I got up and stared in the fridge. I made a coffee, then felt ill because maybe I had already had two before that. I opened the fridge again, in case anything had changed (It hadn´t, in case you were wondering).
I don´t know if this happens to all writers, but pretty much everyone I´ve spoken to experiences this. It´s not what I would call writer´s block. Writer´s block is something I imagine takes over for weeks or months or years (ah!) at a time. It´s that period where words sit at the back of your mind, ethereal yet beating at some kind of barrier you don´t know how to tear down.
Today, I just didn´t have any words at all.
There are days I sit down and forget there´s another world existing around me. Hours pass, and all I know are the characters in my mind and the words on the screen in front of me and the clicking of keys. My mind fills with a place I don´t even plot, it just takes up residence in my head and demands to fall on the page. Suddenly, I´ll look up and my neck will crick and I´ll realise I haven´t moved in far too long. I could have written ten thousand words and sometimes I´ll read back and be surprised it was me that wrote them, because I wasn´t really thinking as I did so. Then I´ll run to the bathroom as I remember I forgot about that, too.
Then there are days I open the fridge nineteen times and drink five coffees and play with the page settings to it feels like I achieved something. It reminds me of my uni days in which I´d sit down to write my five-thousand word essay. I would write the contents and the heading then go to the pub because apparently I´d done enough for the day.

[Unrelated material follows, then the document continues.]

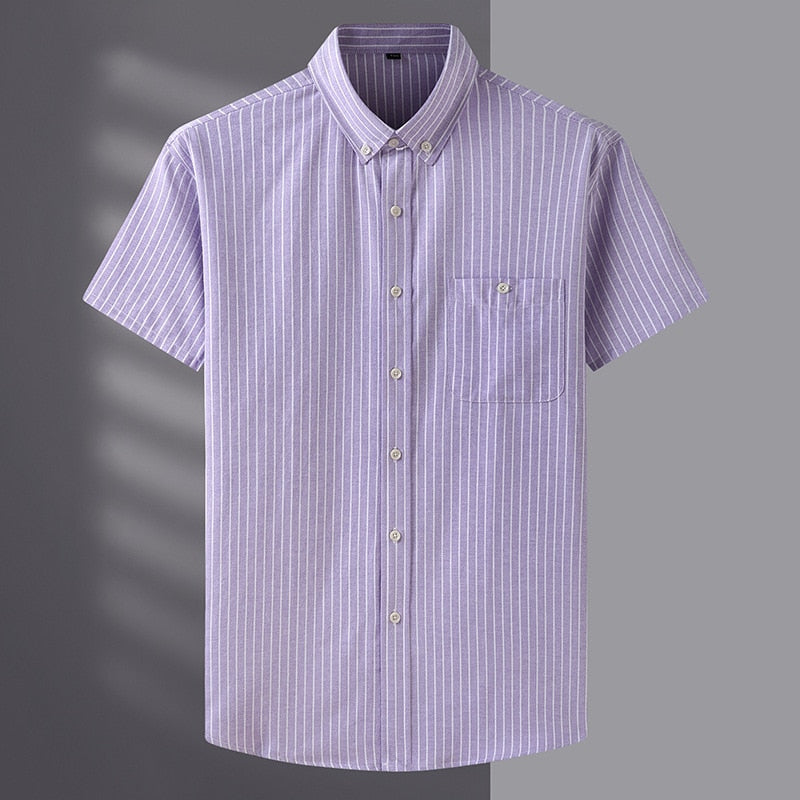 10XL 8XL 7XL Men's Loose Shirt Plus Size Summer Short Sleeve Fashion Stripes Business Work Casual Shirt Oversize Pink Blue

Some days, writing comes naturally and others it´s like pulling a cat out of your cupboard that doesn´t want to leave. Any cat people reading this will know what I mean.
So, after an hour and a half and another coffee, I decided to stop trying to force something that wasn´t coming, and wrote a word, the first word, that entered my head. Then decided to write a few more with that word, and I wrote a weird little, almost fairy tale with the goal to stick to 100 words exactly. Feel free to go read it here.
Or, instead, feel free to comment on the weird days you just couldn´t get your words to do what you wanted them to. And your best procrastination techniques—because I need some new ones.
Dragon. 100 word story. Go.
Once upon a time, as these things go, there was a dragon that coiled around something small and unseen, never moving. People came, people went; it never stirred for one. They taunted it, and teased, and some even begged for the treasure it clung to, relentless. Not once did it turn towards them. Until, a girl. With a cloud of hair and skin like coal, and smile so easy, she asked the dragon, “What do you keep?” No one ever asked. A curl of smoke rose from its nostrils, and it hugged the egg closer to hiss, “All my dreams.”